The history is completely preserved in the StatsBase branch that this PR is against. I didn't include it here to make it possible to review changes.
The history is completely preserved in the StatsBase branch that this PR is against. I didn't include it here to make it possible to review changes.
Oops, my bad, that would explain why this was much easier to review. Thanks for sorting that out.
I would like to help with this effort. What does this PR need? A review? Other feedback?
My understanding is that this PR is basically the union of Statistics.jl and StatsBase. This will all turn into Statistics, which will be it's own package and not part of the Julia repo .
Things that absolutely need to live in the julia repo will be moved to an as-yet-unnamed file there. Things like mean, sum etc.
Statistics.jl is already on its own repo.
If you want to help with the port, you can grab the nl/weightedstats branch of this repo and add commits that insert more include calls in src/Statistics.jl and test/runtests.jl. On this branch, all files from StatsBase are there, but most are ignored: we need to include them and modify them as needed to pass tests.

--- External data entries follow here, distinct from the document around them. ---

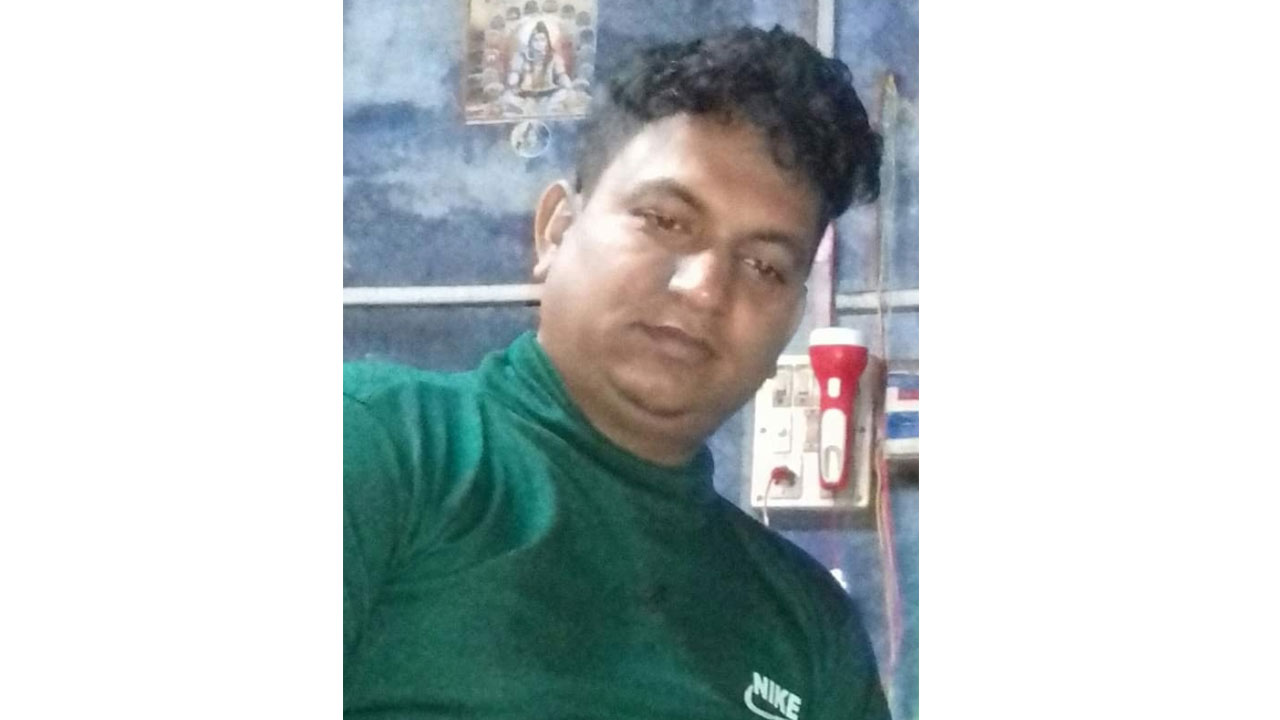 অল্পের জন্য প্রাণে বাঁচলেন দৈনিক কাগজের সম্পাদক মৃত্যুঞ্জয় সরদার - West Bengal News 24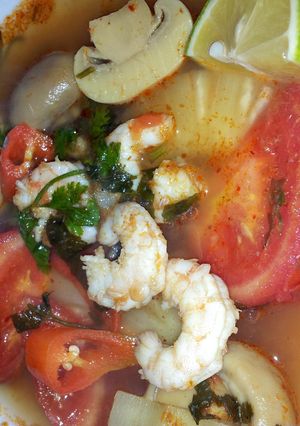 A picture of tum yan soup.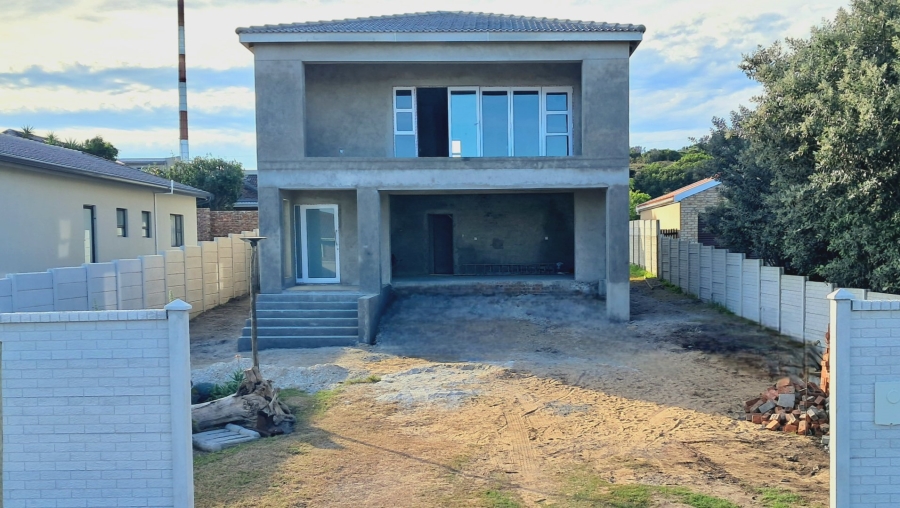 3 Bedroom Property for Sale in Seaview Eastern Cape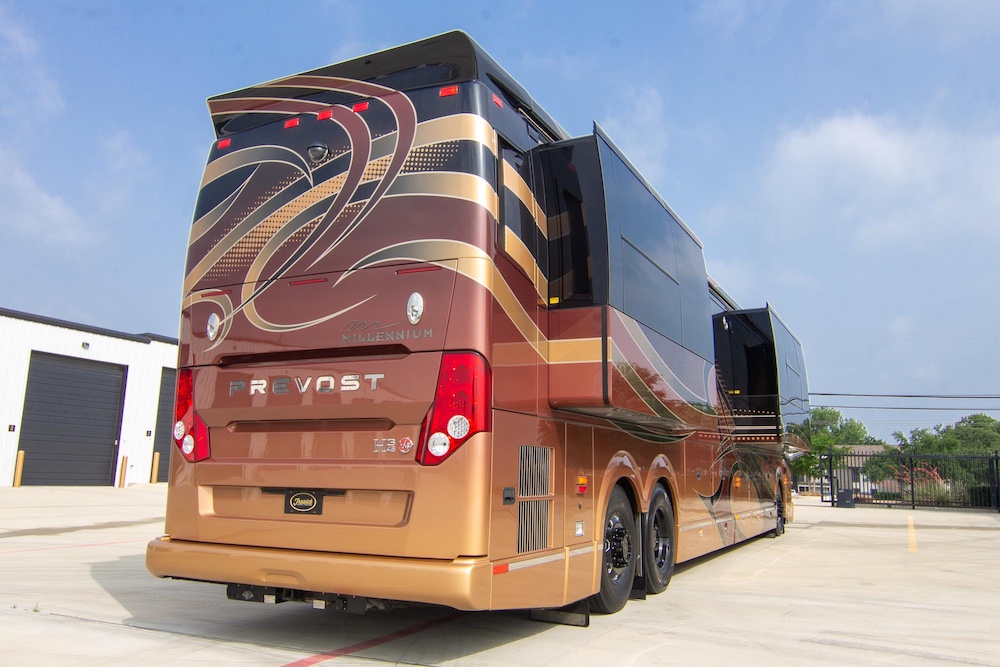 2017 Prevost Millennium  H3-45 For Sale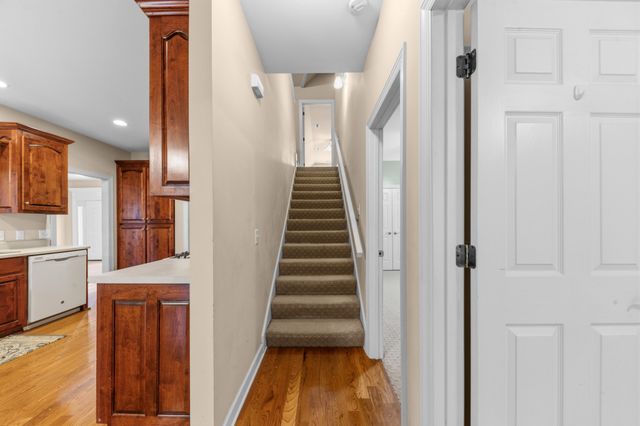 3004 Viewpointe Way, Columbia, TN 38401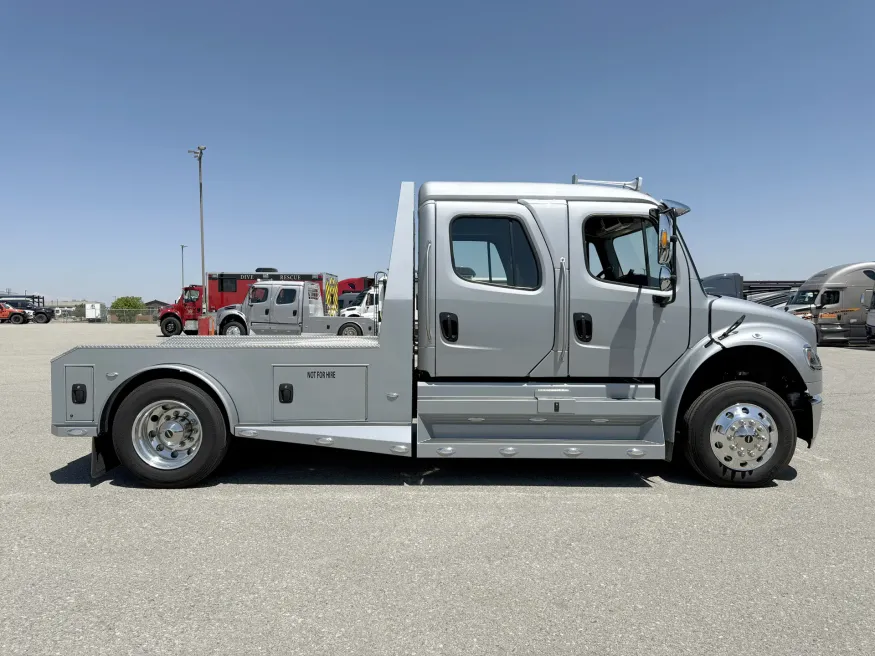 2024 Freightliner M2 106 Summit Hauler | Photo 17 of 22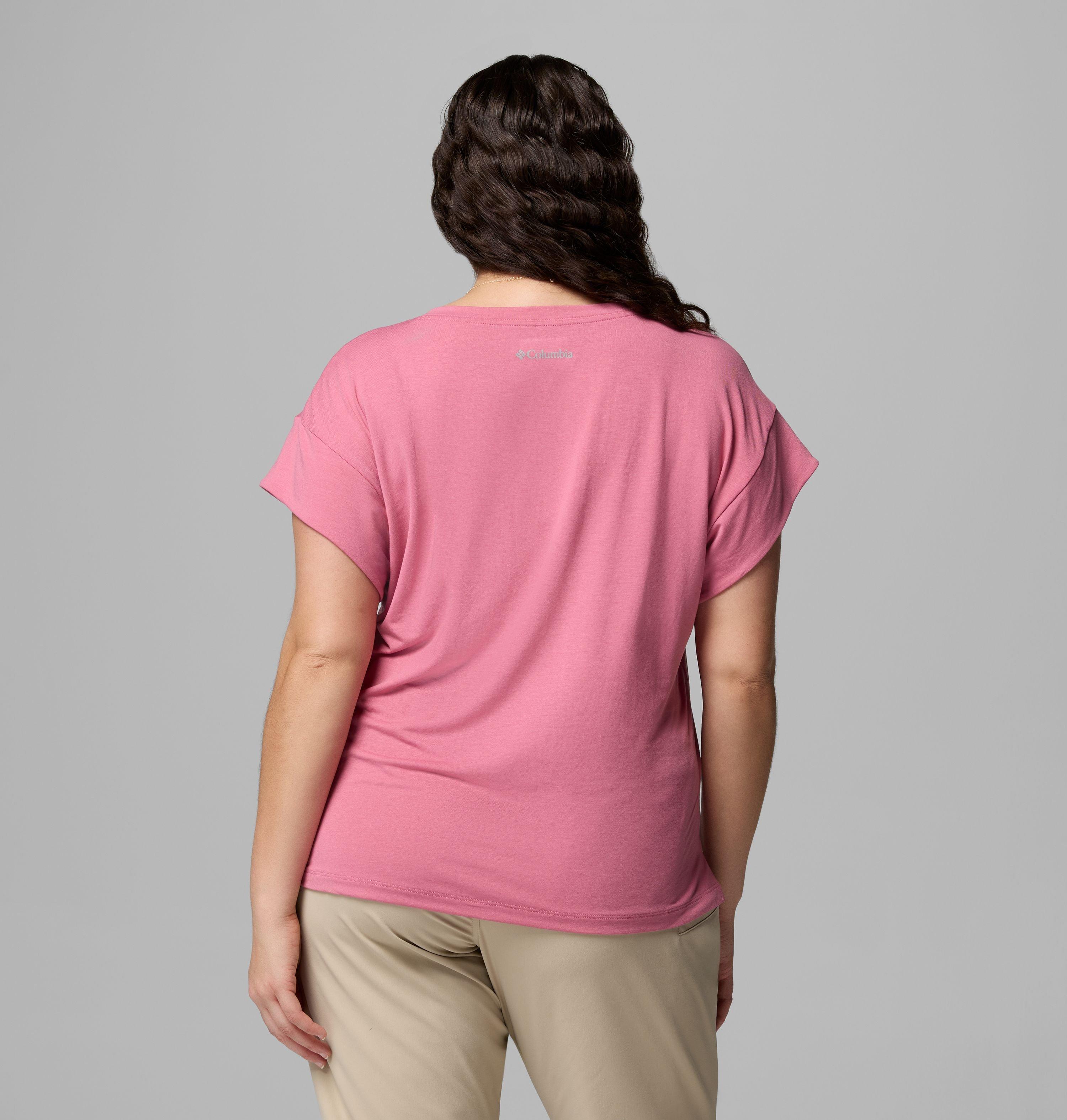 Women's Daniela Falls V-Neck Short Sleeve Tee - Plus Size 3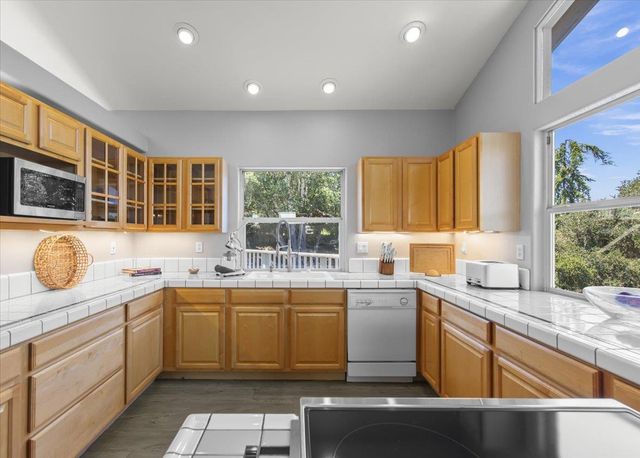 29 Los Encinos Drive, Del Rey Oaks, CA 93940
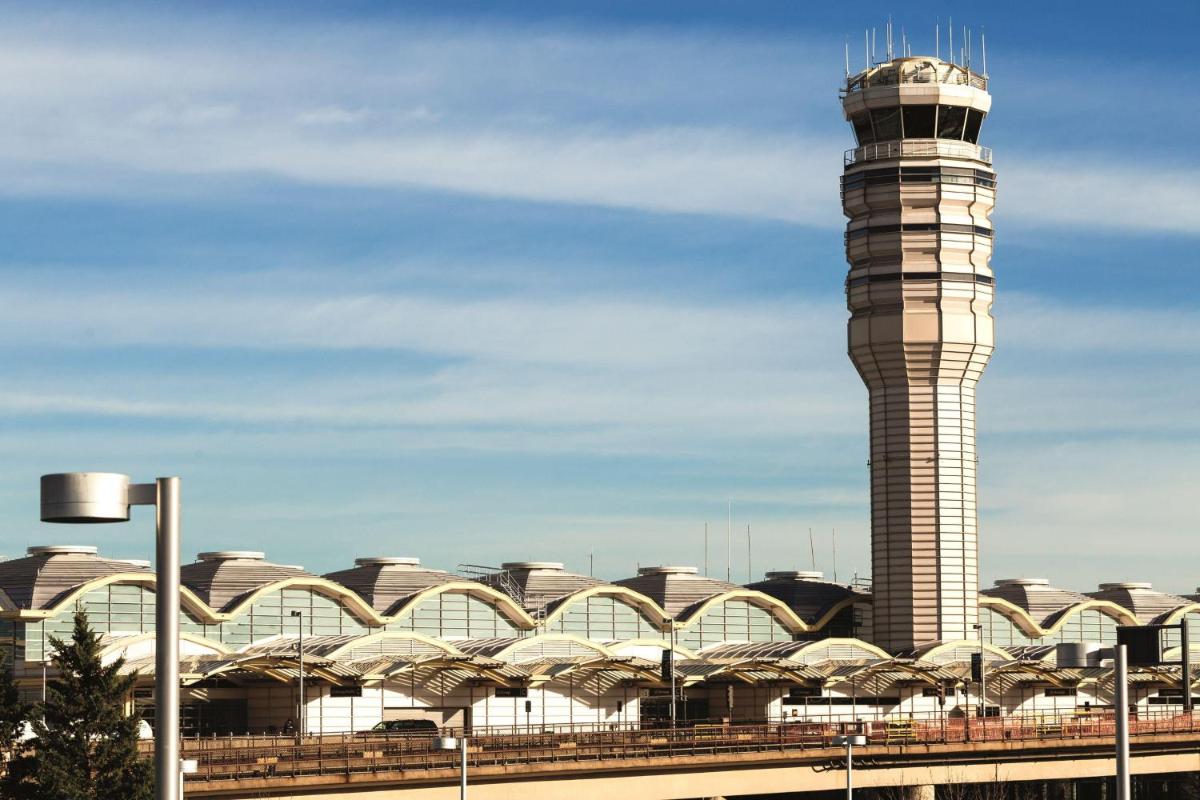 The Ritz Carlton, Pentagon City - Housity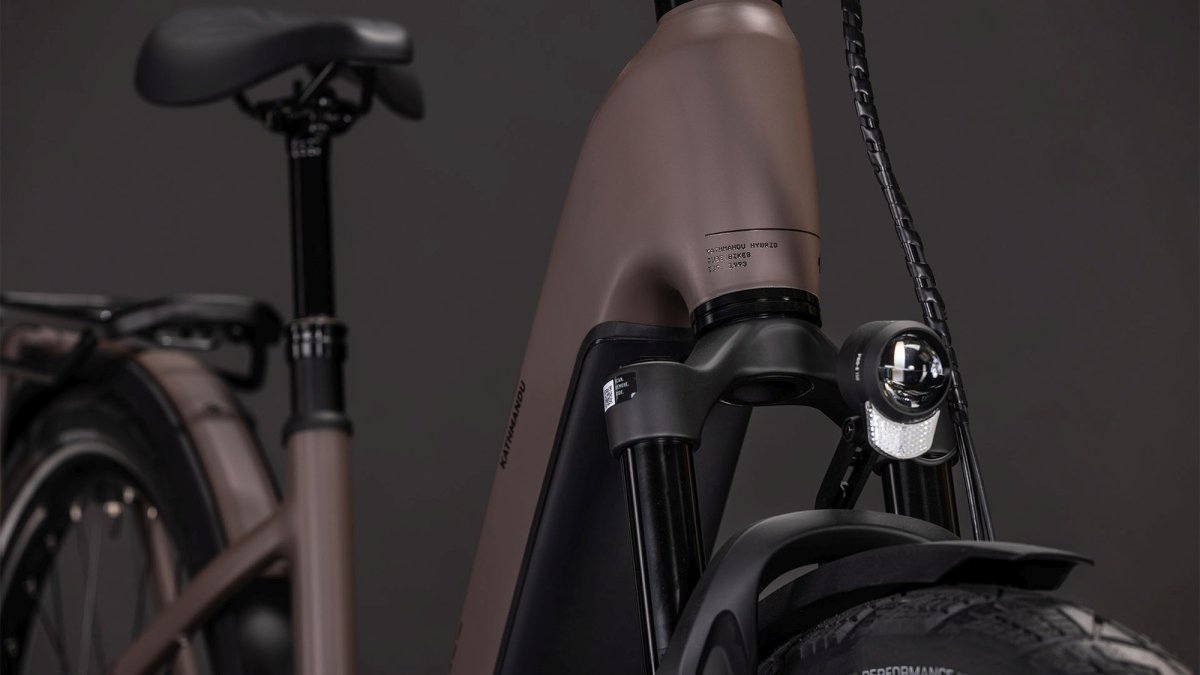 CUBE KATHMANDU HYBRID EXC 800 CEDAR/CHROME 2026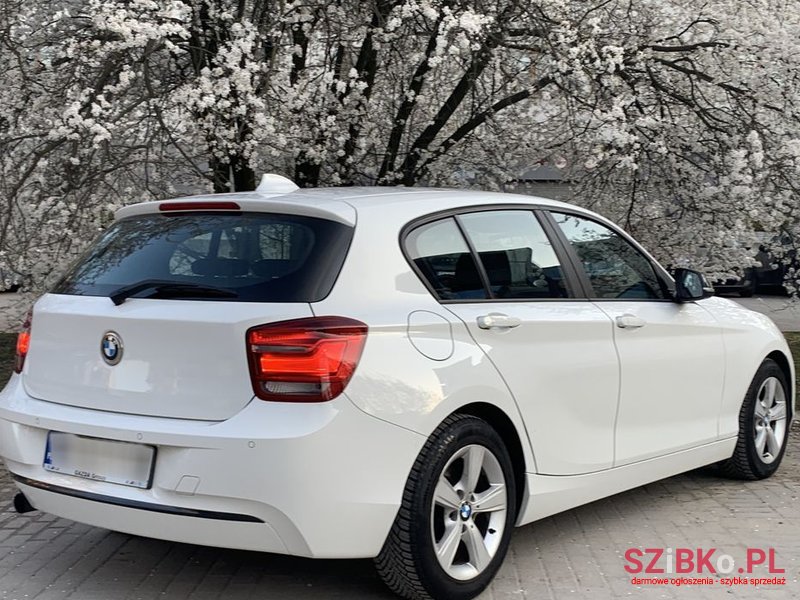 2012' BMW 1 Series 116I Sport Line photo #4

For weighted stats I also had to do a lot of cleanup, but for other files only minor changes should be needed. For example, scalarstats.jl should be easy. I had written a list of what I think should be done at https://github.com/JuliaLang/julia/pull/27152#issuecomment-390687566.
I am working on scalarstats.jl right now. If something is in Statistics.jl but could go in scalarstats.jl, should I move it out of Statistics.jl and into scalarstats.jl?
Feel free to move a few things to new files. Putting everything in src/Statistics.jl was OK when the package was small, but some reorganization is needed as it grows.
Great effort guys! I'd love to see the StatsBase functionality in the Statistics stdlib.
What about weighted sampling (https://juliastats.org/StatsBase.jl/stable/sampling/#Sampling-from-Population-1). Will this go into Statistics as well? (It also has semantic overlap with Random I guess.)